What this task involves:
Range to copy from the entries below: the line containing "1942 D MS 66 FB PCGS Mercury Dime" through the line containing "Musiktheorie Buch Cover", inclusive. Retype only those lines, exactly, without any images.

Given records:
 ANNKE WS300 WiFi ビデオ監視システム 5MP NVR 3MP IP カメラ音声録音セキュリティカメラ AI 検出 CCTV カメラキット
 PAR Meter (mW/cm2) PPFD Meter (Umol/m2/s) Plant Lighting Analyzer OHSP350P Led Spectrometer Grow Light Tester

* * *

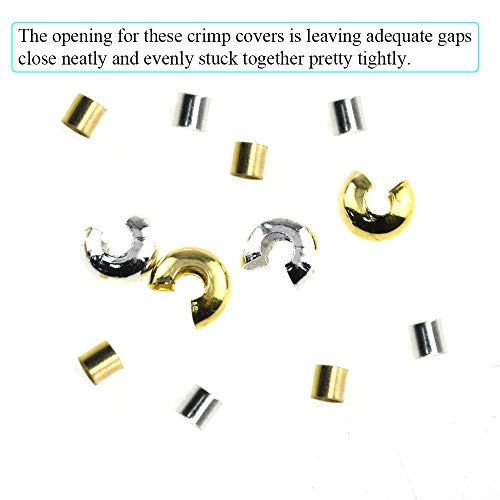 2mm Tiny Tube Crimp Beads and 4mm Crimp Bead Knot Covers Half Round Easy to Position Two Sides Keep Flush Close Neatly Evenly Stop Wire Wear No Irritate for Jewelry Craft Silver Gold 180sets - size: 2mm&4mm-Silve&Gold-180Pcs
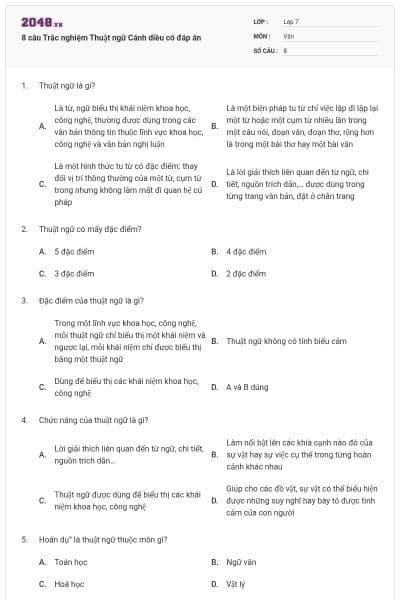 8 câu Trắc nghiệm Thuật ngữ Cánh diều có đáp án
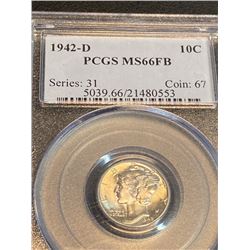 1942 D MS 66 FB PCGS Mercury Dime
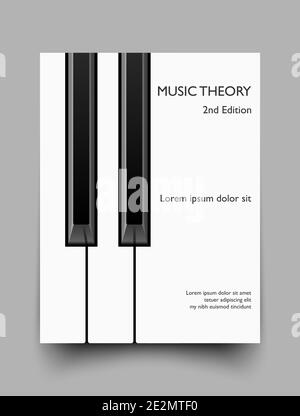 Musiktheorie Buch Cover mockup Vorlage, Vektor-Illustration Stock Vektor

Answer section:
 1942 D MS 66 FB PCGS Mercury Dime
 Musiktheorie Buch Cover mockup Vorlage, Vektor-Illustration Stock Vektor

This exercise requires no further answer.